** What to produce **
The answer is the data repeated in full, with no pictures included.

** Dataset content **
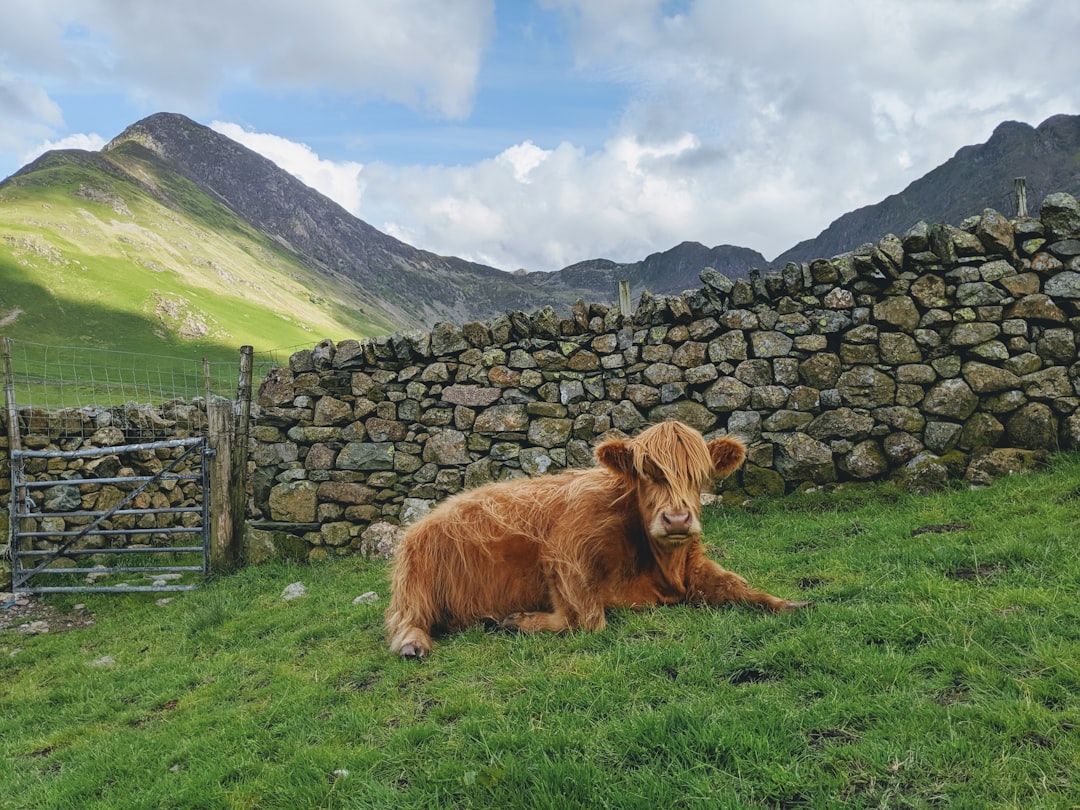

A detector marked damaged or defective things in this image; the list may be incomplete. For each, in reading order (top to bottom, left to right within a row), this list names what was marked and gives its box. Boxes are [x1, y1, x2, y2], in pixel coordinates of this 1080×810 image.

rusty metal gate [9, 436, 212, 592]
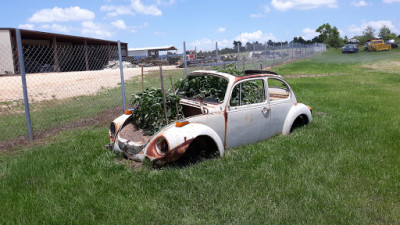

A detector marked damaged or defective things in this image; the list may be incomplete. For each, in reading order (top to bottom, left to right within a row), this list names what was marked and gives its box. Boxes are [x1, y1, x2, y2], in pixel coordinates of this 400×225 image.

abandoned volkswagen beetle [106, 70, 312, 167]
rusty white car body [107, 70, 312, 167]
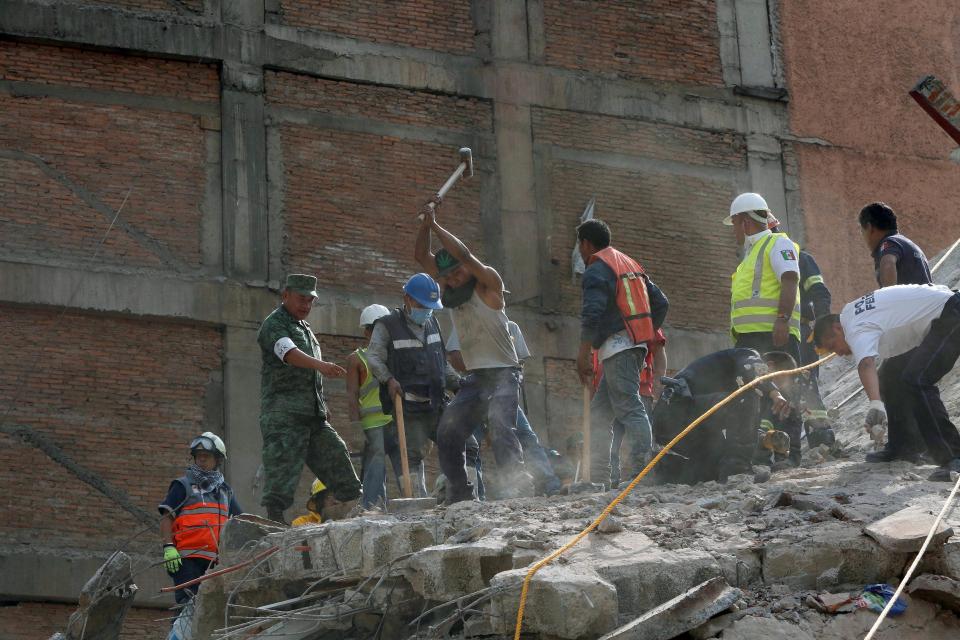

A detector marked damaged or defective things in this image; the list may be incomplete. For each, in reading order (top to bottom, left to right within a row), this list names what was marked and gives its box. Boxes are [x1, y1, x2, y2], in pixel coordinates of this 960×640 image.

broken concrete slab [62, 552, 137, 640]
broken concrete slab [404, 536, 512, 604]
broken concrete slab [492, 564, 620, 640]
broken concrete slab [596, 576, 740, 640]
broken concrete slab [760, 524, 904, 588]
broken concrete slab [864, 508, 952, 552]
broken concrete slab [908, 576, 960, 616]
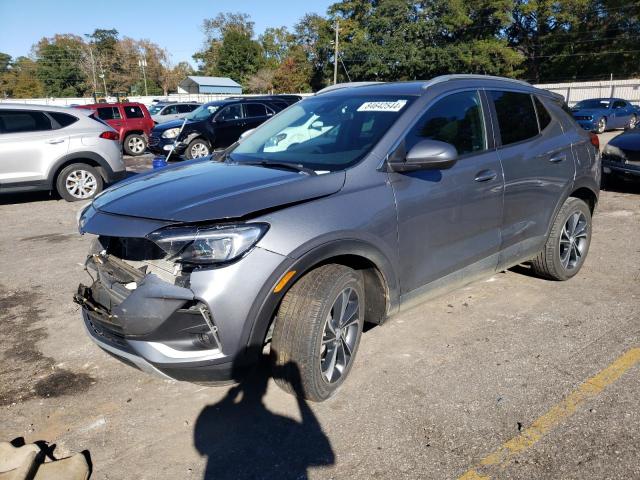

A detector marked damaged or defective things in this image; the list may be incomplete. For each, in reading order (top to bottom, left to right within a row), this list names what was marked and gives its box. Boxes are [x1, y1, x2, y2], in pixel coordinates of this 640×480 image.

exposed headlight assembly [147, 223, 268, 264]
damaged front bumper [75, 251, 264, 382]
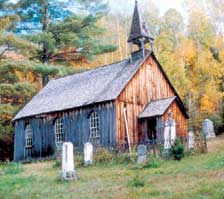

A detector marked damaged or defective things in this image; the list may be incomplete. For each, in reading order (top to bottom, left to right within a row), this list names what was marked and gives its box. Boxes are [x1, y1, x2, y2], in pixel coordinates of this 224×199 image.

rusted metal roof [138, 96, 177, 118]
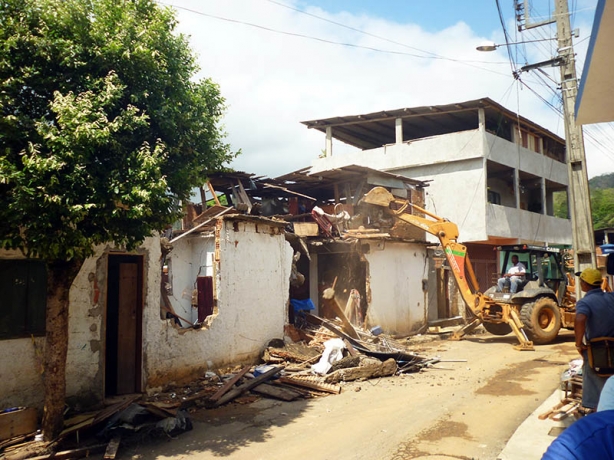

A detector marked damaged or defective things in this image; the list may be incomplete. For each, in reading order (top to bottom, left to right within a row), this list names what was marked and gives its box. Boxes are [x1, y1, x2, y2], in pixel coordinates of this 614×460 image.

broken wooden board [324, 356, 398, 384]
broken wooden board [251, 382, 304, 400]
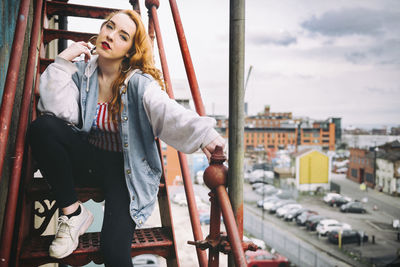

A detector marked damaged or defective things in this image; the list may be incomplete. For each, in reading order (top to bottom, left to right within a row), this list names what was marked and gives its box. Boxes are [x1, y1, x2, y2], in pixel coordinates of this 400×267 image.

rusty metal pole [0, 0, 31, 184]
rusty metal pole [228, 0, 244, 266]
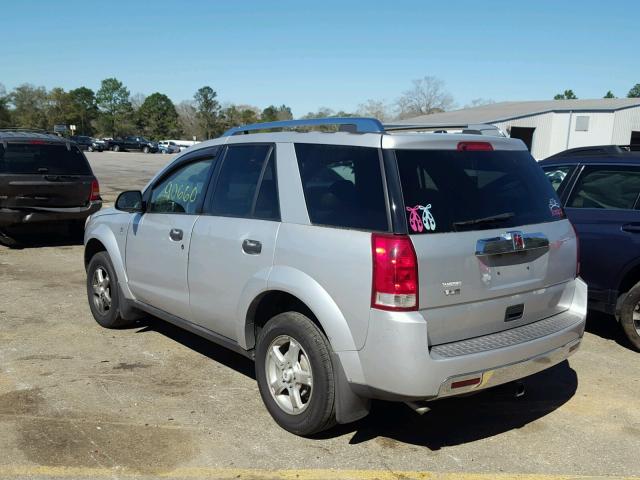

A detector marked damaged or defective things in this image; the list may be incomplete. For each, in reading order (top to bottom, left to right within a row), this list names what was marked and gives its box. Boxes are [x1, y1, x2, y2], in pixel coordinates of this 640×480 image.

cracked asphalt [0, 152, 636, 478]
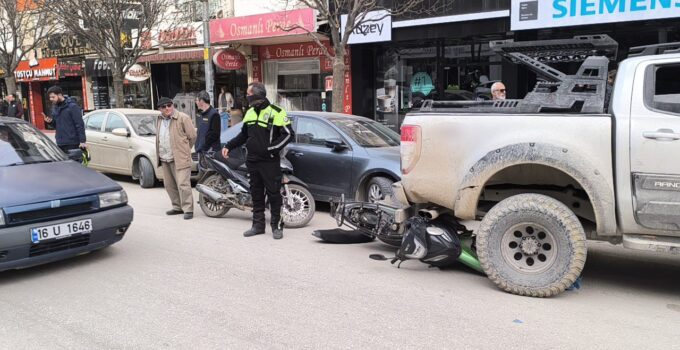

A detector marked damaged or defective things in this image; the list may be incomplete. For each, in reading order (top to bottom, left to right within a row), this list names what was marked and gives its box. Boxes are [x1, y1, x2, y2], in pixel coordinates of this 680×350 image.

crashed motorcycle [194, 152, 316, 228]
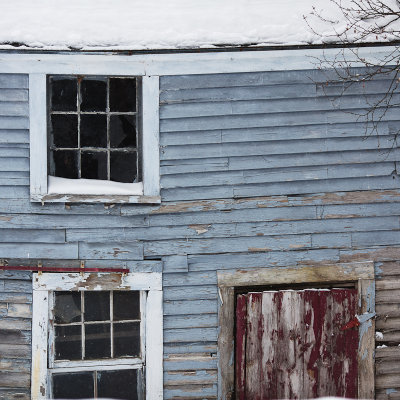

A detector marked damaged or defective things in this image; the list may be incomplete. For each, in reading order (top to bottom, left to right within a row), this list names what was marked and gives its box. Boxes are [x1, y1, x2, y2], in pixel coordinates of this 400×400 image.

broken window pane [50, 77, 77, 111]
broken window pane [80, 79, 106, 111]
broken window pane [109, 77, 136, 111]
broken window pane [50, 114, 77, 148]
broken window pane [79, 114, 107, 147]
broken window pane [110, 115, 137, 149]
broken window pane [51, 149, 78, 177]
broken window pane [81, 151, 108, 180]
broken window pane [110, 152, 137, 183]
broken window pane [54, 290, 81, 324]
broken window pane [84, 290, 109, 322]
broken window pane [114, 290, 141, 320]
broken window pane [54, 326, 81, 360]
broken window pane [84, 324, 109, 360]
broken window pane [114, 320, 141, 358]
chipped door paint [236, 290, 358, 398]
broken window pane [52, 372, 93, 400]
broken window pane [97, 368, 139, 400]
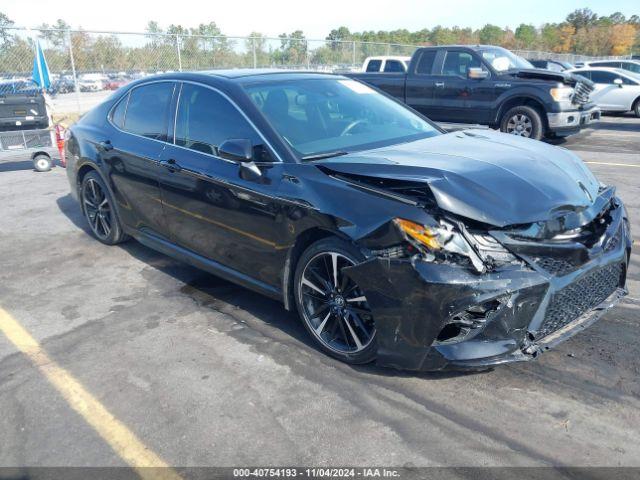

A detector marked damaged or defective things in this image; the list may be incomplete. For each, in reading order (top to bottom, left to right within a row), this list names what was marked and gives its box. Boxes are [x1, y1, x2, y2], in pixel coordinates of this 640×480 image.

damaged headlight [396, 218, 484, 272]
crumpled hood [318, 129, 604, 227]
damaged front end [340, 182, 632, 370]
damaged bumper [344, 199, 632, 372]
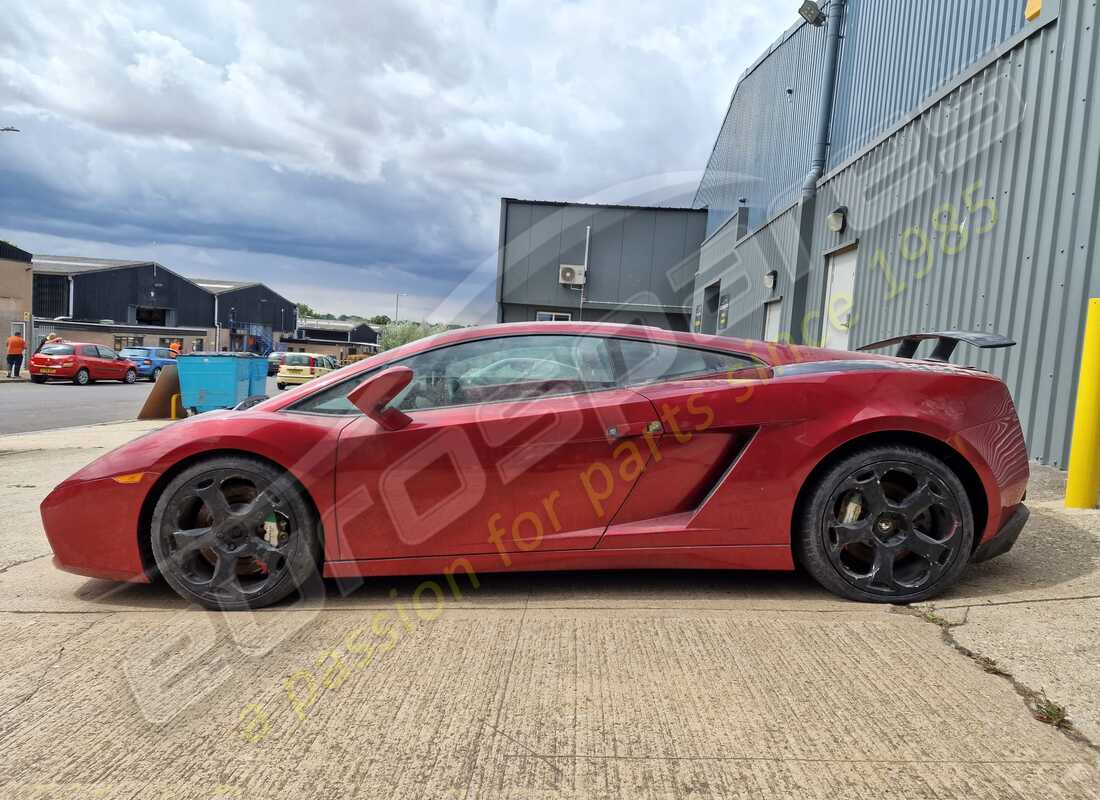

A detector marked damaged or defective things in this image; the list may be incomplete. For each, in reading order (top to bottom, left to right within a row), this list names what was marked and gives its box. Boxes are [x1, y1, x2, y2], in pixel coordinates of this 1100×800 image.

cracked concrete slab [2, 422, 1100, 796]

** Answer to this problem **
A detector marked damaged or defective things in this image; the list may be incomplete. For each, in reading order (top to bottom, left to right within a row), this list names what was marked and gives its box. Boxes are [x1, y1, x2, y2], in pixel coordinates of this 1080×810 image.

rusty metal gate [9, 436, 212, 592]

A detector marked damaged or defective things in this image; the list may be incomplete. For each, in reading order (top to bottom, left to right within a row), this list names what was marked and gives its box. Boxes are [x1, y1, x2, y2], in pixel coordinates of this 400×225 image.

abandoned volkswagen beetle [106, 70, 312, 167]
rusty white car body [107, 70, 312, 167]

A detector marked damaged or defective things in this image; the list may be incomplete. For each, in reading order (top to bottom, left to right within a row), this list names what was marked and gives its box. Boxes are [x1, y1, x2, y2], in pixel coordinates of this 960×640 image.

broken concrete slab [62, 552, 137, 640]
broken concrete slab [404, 536, 512, 604]
broken concrete slab [492, 564, 620, 640]
broken concrete slab [596, 576, 740, 640]
broken concrete slab [760, 524, 904, 588]
broken concrete slab [864, 508, 952, 552]
broken concrete slab [908, 576, 960, 616]

A detector marked damaged or defective things in this image; the list may be incomplete. For each, in reading order (top to bottom, left to right within a row), this list names what was marked and gives its box. Boxes are [x1, y1, x2, y2], in pixel coordinates of this 640×480 image.

exposed headlight assembly [147, 223, 268, 264]
damaged front bumper [75, 251, 264, 382]

A detector marked damaged or defective things in this image; the list may be incomplete. For each, in reading order (top to bottom, left to right within a row), this list names what was marked and gives its box. Boxes are [x1, y1, x2, y2], in pixel coordinates of this 224×199 image.

rusted metal roof [138, 96, 177, 118]

A detector marked damaged or defective things in this image; the list may be incomplete. For each, in reading order (top to bottom, left to right within a row), this list names what was marked and gives its box. Boxes are [x1, y1, x2, y2], in pixel coordinates of this 614×460 image.

broken wooden board [324, 356, 398, 384]
broken wooden board [251, 382, 304, 400]

A detector marked damaged or defective things in this image; the list may be incomplete. For each, in reading order (top to bottom, left to right within a row), this list names what was marked and gives its box. Boxes are [x1, y1, x2, y2], in pixel coordinates of this 400×267 image.

rusty metal pole [0, 0, 31, 184]
rusty metal pole [228, 0, 244, 266]

A detector marked damaged or defective things in this image; the list may be incomplete. For each, in reading order (top to bottom, left to right within a row), this list names what was marked and gives its box. Boxes are [x1, y1, x2, y2], in pixel coordinates of this 640×480 image.

cracked asphalt [0, 152, 636, 478]

A detector marked damaged or defective things in this image; the list may be incomplete. For each, in reading order (top to bottom, left to right within a row), this list names what was marked and gives its box. Boxes are [x1, y1, x2, y2], in pixel coordinates of this 680×350 image.

crashed motorcycle [194, 152, 316, 228]

A detector marked damaged or defective things in this image; the list may be incomplete. For each, in reading order (top to bottom, left to right within a row), this list names what was marked and gives its box. Boxes are [x1, y1, x2, y2], in pixel coordinates of this 400×400 image.

broken window pane [50, 77, 77, 111]
broken window pane [80, 79, 106, 111]
broken window pane [109, 77, 136, 111]
broken window pane [50, 114, 77, 148]
broken window pane [79, 114, 107, 147]
broken window pane [110, 115, 137, 149]
broken window pane [51, 149, 78, 177]
broken window pane [81, 151, 108, 180]
broken window pane [110, 152, 137, 183]
broken window pane [54, 290, 81, 324]
broken window pane [84, 290, 109, 322]
broken window pane [114, 290, 141, 320]
broken window pane [54, 326, 81, 360]
broken window pane [84, 324, 109, 360]
broken window pane [114, 320, 141, 358]
chipped door paint [236, 290, 358, 398]
broken window pane [52, 372, 93, 400]
broken window pane [97, 368, 139, 400]

A detector marked damaged or defective things in this image; the list may be incomplete. For each, in reading order (top to bottom, left to right within a row), this list names what was marked and gives its box. Boxes are [x1, y1, x2, y2], in pixel coordinates of this 640×480 image.

damaged headlight [396, 218, 484, 272]
crumpled hood [318, 129, 604, 227]
damaged front end [340, 182, 632, 370]
damaged bumper [344, 199, 632, 372]

A detector marked damaged or defective things in this image; the list may be incomplete. For each, in reading order (top to bottom, left to right within a row), this list names what was marked and gives its box. Boxes are [x1, y1, x2, y2], in pixel coordinates of this 1100×800 image.

cracked concrete slab [2, 422, 1100, 796]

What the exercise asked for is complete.